Copy only what runs from the line containing "80人乗りゴンドラを待つ間に" through the end of the material below, line for line, with both ends included.

**DATA:**
--------------------------------
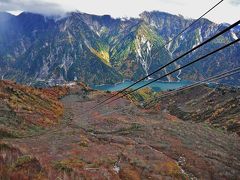 　立山ロープウェイ (2016.10.17 13:53)
80人乗りゴンドラを待つ間に大観峰プラットホームから、眼下のエメラルドグリーンの黒部湖ショット。
　絵葉書だとゴンドラが写ってないと売り物にならないが、じゃまモノがないことで大自然と対峙できる。また、鋼鉄の線条はショットに奥行きを与えてくれて、とても効果的になった。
--------------------------------
**THE ANSWER:**
80人乗りゴンドラを待つ間に大観峰プラットホームから、眼下のエメラルドグリーンの黒部湖ショット。
　絵葉書だとゴンドラが写ってないと売り物にならないが、じゃまモノがないことで大自然と対峙できる。また、鋼鉄の線条はショットに奥行きを与えてくれて、とても効果的になった。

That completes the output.